▸ **Records**:
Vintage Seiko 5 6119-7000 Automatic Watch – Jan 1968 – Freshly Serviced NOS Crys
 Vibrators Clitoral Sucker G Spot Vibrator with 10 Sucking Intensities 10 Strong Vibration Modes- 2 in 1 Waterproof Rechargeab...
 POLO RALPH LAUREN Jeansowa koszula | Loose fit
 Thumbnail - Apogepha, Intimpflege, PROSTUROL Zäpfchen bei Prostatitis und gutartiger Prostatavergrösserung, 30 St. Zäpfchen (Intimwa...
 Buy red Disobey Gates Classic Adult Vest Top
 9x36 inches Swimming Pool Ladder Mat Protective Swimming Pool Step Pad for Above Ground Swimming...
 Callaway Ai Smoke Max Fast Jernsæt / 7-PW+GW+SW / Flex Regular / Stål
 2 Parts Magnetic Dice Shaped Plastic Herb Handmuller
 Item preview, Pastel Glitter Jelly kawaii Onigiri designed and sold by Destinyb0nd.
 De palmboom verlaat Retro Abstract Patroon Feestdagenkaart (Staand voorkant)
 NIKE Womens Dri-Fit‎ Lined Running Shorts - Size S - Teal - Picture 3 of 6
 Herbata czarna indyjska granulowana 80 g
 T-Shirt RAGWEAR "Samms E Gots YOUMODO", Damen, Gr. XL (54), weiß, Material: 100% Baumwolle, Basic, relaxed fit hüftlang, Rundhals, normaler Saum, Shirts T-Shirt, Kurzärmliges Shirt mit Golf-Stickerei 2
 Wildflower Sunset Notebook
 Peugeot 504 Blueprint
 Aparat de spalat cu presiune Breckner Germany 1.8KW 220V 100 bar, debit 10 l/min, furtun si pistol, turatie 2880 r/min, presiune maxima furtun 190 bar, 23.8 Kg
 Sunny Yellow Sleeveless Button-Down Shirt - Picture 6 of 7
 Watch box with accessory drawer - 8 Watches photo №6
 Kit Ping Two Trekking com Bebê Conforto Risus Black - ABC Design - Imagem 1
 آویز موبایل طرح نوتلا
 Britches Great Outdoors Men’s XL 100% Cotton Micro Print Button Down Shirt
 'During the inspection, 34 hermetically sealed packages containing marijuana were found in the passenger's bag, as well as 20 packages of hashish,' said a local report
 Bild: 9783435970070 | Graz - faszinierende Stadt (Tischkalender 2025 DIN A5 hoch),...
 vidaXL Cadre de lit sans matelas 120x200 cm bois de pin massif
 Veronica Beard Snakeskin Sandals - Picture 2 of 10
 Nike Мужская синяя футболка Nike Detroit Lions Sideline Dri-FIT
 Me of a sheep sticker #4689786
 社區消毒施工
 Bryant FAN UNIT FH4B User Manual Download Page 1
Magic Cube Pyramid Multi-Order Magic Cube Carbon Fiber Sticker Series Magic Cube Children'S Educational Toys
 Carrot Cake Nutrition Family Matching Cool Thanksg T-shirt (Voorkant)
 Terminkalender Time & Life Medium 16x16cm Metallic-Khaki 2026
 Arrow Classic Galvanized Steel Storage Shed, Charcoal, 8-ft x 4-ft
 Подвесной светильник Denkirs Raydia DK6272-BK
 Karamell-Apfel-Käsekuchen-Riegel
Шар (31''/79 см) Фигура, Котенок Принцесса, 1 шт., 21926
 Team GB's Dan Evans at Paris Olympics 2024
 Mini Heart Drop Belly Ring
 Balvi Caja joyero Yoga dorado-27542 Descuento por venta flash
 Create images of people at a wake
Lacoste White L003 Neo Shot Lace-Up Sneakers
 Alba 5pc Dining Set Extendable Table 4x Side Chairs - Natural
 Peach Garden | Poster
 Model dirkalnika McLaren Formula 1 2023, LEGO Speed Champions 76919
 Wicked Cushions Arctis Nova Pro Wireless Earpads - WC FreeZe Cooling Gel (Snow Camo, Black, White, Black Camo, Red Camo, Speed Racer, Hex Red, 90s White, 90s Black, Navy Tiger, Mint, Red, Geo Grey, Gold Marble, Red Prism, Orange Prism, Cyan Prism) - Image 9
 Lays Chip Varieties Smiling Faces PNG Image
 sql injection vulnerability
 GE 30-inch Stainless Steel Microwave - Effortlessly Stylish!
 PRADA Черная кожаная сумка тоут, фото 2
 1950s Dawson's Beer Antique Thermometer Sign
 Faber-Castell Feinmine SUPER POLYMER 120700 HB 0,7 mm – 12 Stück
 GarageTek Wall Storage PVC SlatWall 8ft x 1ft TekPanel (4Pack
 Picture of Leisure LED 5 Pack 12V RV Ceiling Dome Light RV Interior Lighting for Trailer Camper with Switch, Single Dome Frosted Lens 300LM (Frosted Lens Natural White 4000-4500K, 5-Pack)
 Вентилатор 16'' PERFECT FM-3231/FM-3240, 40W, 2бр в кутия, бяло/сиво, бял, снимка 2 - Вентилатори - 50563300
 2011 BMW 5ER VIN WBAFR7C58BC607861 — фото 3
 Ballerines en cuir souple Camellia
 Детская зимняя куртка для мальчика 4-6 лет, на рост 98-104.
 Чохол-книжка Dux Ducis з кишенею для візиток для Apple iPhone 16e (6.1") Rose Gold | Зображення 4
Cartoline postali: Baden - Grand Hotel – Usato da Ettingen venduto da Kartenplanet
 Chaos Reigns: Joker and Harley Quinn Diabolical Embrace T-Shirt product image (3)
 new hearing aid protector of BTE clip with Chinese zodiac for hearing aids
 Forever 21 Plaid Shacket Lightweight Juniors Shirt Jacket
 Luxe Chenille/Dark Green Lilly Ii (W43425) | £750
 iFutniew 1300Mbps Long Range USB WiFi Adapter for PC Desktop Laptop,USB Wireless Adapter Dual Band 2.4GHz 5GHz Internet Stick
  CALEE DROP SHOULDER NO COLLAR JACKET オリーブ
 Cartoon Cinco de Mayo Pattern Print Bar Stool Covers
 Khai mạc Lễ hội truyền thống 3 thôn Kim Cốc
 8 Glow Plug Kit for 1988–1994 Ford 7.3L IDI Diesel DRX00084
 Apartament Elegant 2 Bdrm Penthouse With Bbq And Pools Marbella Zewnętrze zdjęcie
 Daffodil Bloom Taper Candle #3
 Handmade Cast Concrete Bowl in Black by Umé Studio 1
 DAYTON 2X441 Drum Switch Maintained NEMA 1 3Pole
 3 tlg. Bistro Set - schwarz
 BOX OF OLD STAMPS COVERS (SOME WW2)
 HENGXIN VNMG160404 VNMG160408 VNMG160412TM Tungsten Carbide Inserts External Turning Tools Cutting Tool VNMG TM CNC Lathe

▸ **What is expected**:
Reproduce every record, matching each line exactly.

▸ **Worked solution**:
Vintage Seiko 5 6119-7000 Automatic Watch – Jan 1968 – Freshly Serviced NOS Crys
 Vibrators Clitoral Sucker G Spot Vibrator with 10 Sucking Intensities 10 Strong Vibration Modes- 2 in 1 Waterproof Rechargeab...
 POLO RALPH LAUREN Jeansowa koszula | Loose fit
 Thumbnail - Apogepha, Intimpflege, PROSTUROL Zäpfchen bei Prostatitis und gutartiger Prostatavergrösserung, 30 St. Zäpfchen (Intimwa...
 Buy red Disobey Gates Classic Adult Vest Top
 9x36 inches Swimming Pool Ladder Mat Protective Swimming Pool Step Pad for Above Ground Swimming...
 Callaway Ai Smoke Max Fast Jernsæt / 7-PW+GW+SW / Flex Regular / Stål
 2 Parts Magnetic Dice Shaped Plastic Herb Handmuller
 Item preview, Pastel Glitter Jelly kawaii Onigiri designed and sold by Destinyb0nd.
 De palmboom verlaat Retro Abstract Patroon Feestdagenkaart (Staand voorkant)
 NIKE Womens Dri-Fit‎ Lined Running Shorts - Size S - Teal - Picture 3 of 6
 Herbata czarna indyjska granulowana 80 g
 T-Shirt RAGWEAR "Samms E Gots YOUMODO", Damen, Gr. XL (54), weiß, Material: 100% Baumwolle, Basic, relaxed fit hüftlang, Rundhals, normaler Saum, Shirts T-Shirt, Kurzärmliges Shirt mit Golf-Stickerei 2
 Wildflower Sunset Notebook
 Peugeot 504 Blueprint
 Aparat de spalat cu presiune Breckner Germany 1.8KW 220V 100 bar, debit 10 l/min, furtun si pistol, turatie 2880 r/min, presiune maxima furtun 190 bar, 23.8 Kg
 Sunny Yellow Sleeveless Button-Down Shirt - Picture 6 of 7
 Watch box with accessory drawer - 8 Watches photo №6
 Kit Ping Two Trekking com Bebê Conforto Risus Black - ABC Design - Imagem 1
 آویز موبایل طرح نوتلا
 Britches Great Outdoors Men’s XL 100% Cotton Micro Print Button Down Shirt
 'During the inspection, 34 hermetically sealed packages containing marijuana were found in the passenger's bag, as well as 20 packages of hashish,' said a local report
 Bild: 9783435970070 | Graz - faszinierende Stadt (Tischkalender 2025 DIN A5 hoch),...
 vidaXL Cadre de lit sans matelas 120x200 cm bois de pin massif
 Veronica Beard Snakeskin Sandals - Picture 2 of 10
 Nike Мужская синяя футболка Nike Detroit Lions Sideline Dri-FIT
 Me of a sheep sticker #4689786
 社區消毒施工
 Bryant FAN UNIT FH4B User Manual Download Page 1
Magic Cube Pyramid Multi-Order Magic Cube Carbon Fiber Sticker Series Magic Cube Children'S Educational Toys
 Carrot Cake Nutrition Family Matching Cool Thanksg T-shirt (Voorkant)
 Terminkalender Time & Life Medium 16x16cm Metallic-Khaki 2026
 Arrow Classic Galvanized Steel Storage Shed, Charcoal, 8-ft x 4-ft
 Подвесной светильник Denkirs Raydia DK6272-BK
 Karamell-Apfel-Käsekuchen-Riegel
Шар (31''/79 см) Фигура, Котенок Принцесса, 1 шт., 21926
 Team GB's Dan Evans at Paris Olympics 2024
 Mini Heart Drop Belly Ring
 Balvi Caja joyero Yoga dorado-27542 Descuento por venta flash
 Create images of people at a wake
Lacoste White L003 Neo Shot Lace-Up Sneakers
 Alba 5pc Dining Set Extendable Table 4x Side Chairs - Natural
 Peach Garden | Poster
 Model dirkalnika McLaren Formula 1 2023, LEGO Speed Champions 76919
 Wicked Cushions Arctis Nova Pro Wireless Earpads - WC FreeZe Cooling Gel (Snow Camo, Black, White, Black Camo, Red Camo, Speed Racer, Hex Red, 90s White, 90s Black, Navy Tiger, Mint, Red, Geo Grey, Gold Marble, Red Prism, Orange Prism, Cyan Prism) - Image 9
 Lays Chip Varieties Smiling Faces PNG Image
 sql injection vulnerability
 GE 30-inch Stainless Steel Microwave - Effortlessly Stylish!
 PRADA Черная кожаная сумка тоут, фото 2
 1950s Dawson's Beer Antique Thermometer Sign
 Faber-Castell Feinmine SUPER POLYMER 120700 HB 0,7 mm – 12 Stück
 GarageTek Wall Storage PVC SlatWall 8ft x 1ft TekPanel (4Pack
 Picture of Leisure LED 5 Pack 12V RV Ceiling Dome Light RV Interior Lighting for Trailer Camper with Switch, Single Dome Frosted Lens 300LM (Frosted Lens Natural White 4000-4500K, 5-Pack)
 Вентилатор 16'' PERFECT FM-3231/FM-3240, 40W, 2бр в кутия, бяло/сиво, бял, снимка 2 - Вентилатори - 50563300
 2011 BMW 5ER VIN WBAFR7C58BC607861 — фото 3
 Ballerines en cuir souple Camellia
 Детская зимняя куртка для мальчика 4-6 лет, на рост 98-104.
 Чохол-книжка Dux Ducis з кишенею для візиток для Apple iPhone 16e (6.1") Rose Gold | Зображення 4
Cartoline postali: Baden - Grand Hotel – Usato da Ettingen venduto da Kartenplanet
 Chaos Reigns: Joker and Harley Quinn Diabolical Embrace T-Shirt product image (3)
 new hearing aid protector of BTE clip with Chinese zodiac for hearing aids
 Forever 21 Plaid Shacket Lightweight Juniors Shirt Jacket
 Luxe Chenille/Dark Green Lilly Ii (W43425) | £750
 iFutniew 1300Mbps Long Range USB WiFi Adapter for PC Desktop Laptop,USB Wireless Adapter Dual Band 2.4GHz 5GHz Internet Stick
  CALEE DROP SHOULDER NO COLLAR JACKET オリーブ
 Cartoon Cinco de Mayo Pattern Print Bar Stool Covers
 Khai mạc Lễ hội truyền thống 3 thôn Kim Cốc
 8 Glow Plug Kit for 1988–1994 Ford 7.3L IDI Diesel DRX00084
 Apartament Elegant 2 Bdrm Penthouse With Bbq And Pools Marbella Zewnętrze zdjęcie
 Daffodil Bloom Taper Candle #3
 Handmade Cast Concrete Bowl in Black by Umé Studio 1
 DAYTON 2X441 Drum Switch Maintained NEMA 1 3Pole
 3 tlg. Bistro Set - schwarz
 BOX OF OLD STAMPS COVERS (SOME WW2)
 HENGXIN VNMG160404 VNMG160408 VNMG160412TM Tungsten Carbide Inserts External Turning Tools Cutting Tool VNMG TM CNC Lathe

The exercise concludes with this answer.